(What is needed) Omit every picture, then return each line of the data below exactly.

==*==

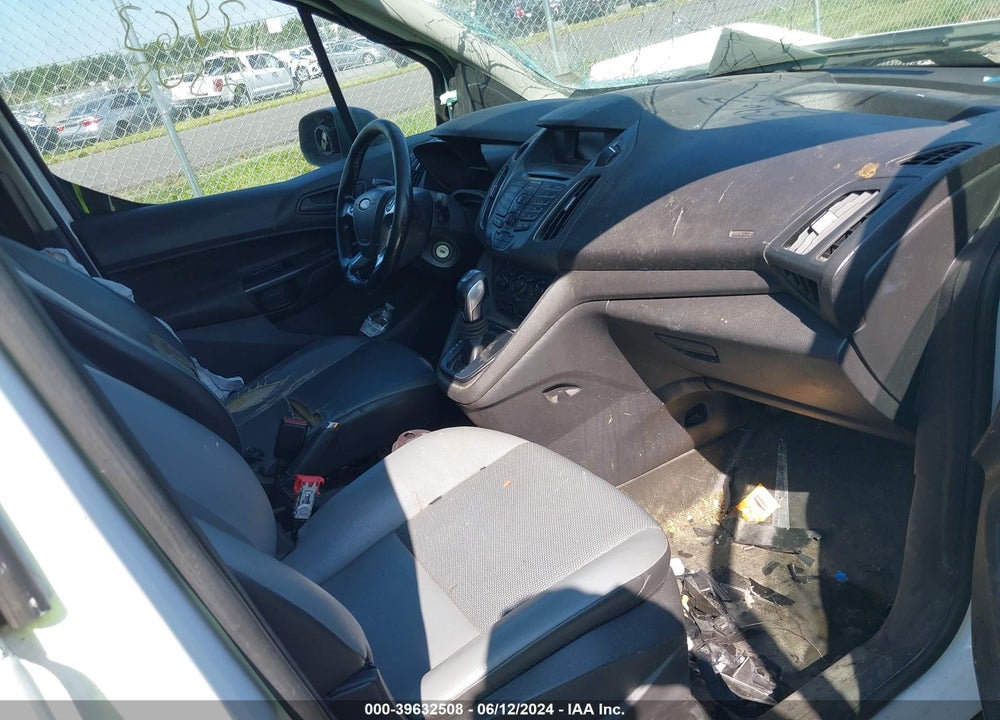 2018 FORD TRANSIT CONNECT XL VIN: NM0LS7E71J1344645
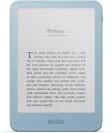 amazon kindle in blue aluminum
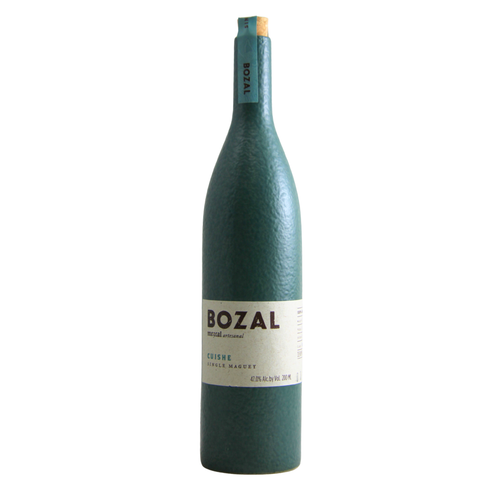 Bozal Cuishe Mezcal 200ml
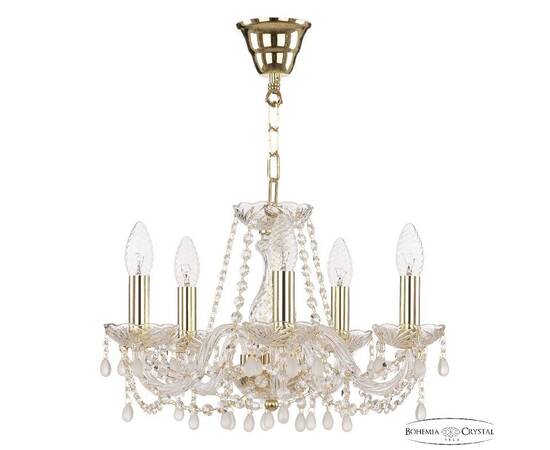 Подвесная люстра Bohemia Ivele Crystal 112/5/141 G V0300
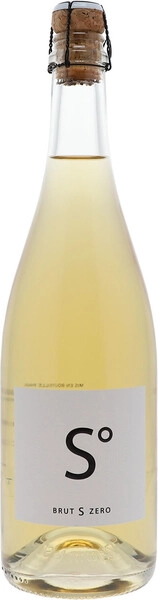 Игристое вино Domaine du Pelican, S° Brut Zero, 2020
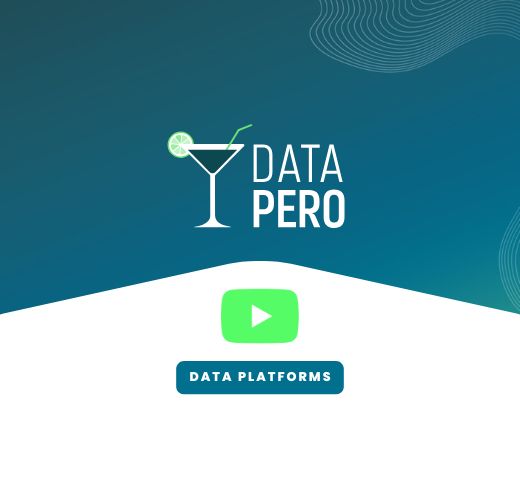 Data platforms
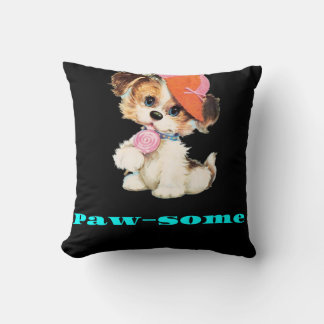 Cosy Comfort for Dog Lovers – Paw-some  Cushion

==*==

(Task solution)
 2018 FORD TRANSIT CONNECT XL VIN: NM0LS7E71J1344645
 amazon kindle in blue aluminum
 Bozal Cuishe Mezcal 200ml
 Подвесная люстра Bohemia Ivele Crystal 112/5/141 G V0300
 Игристое вино Domaine du Pelican, S° Brut Zero, 2020
 Data platforms
 Cosy Comfort for Dog Lovers – Paw-some  Cushion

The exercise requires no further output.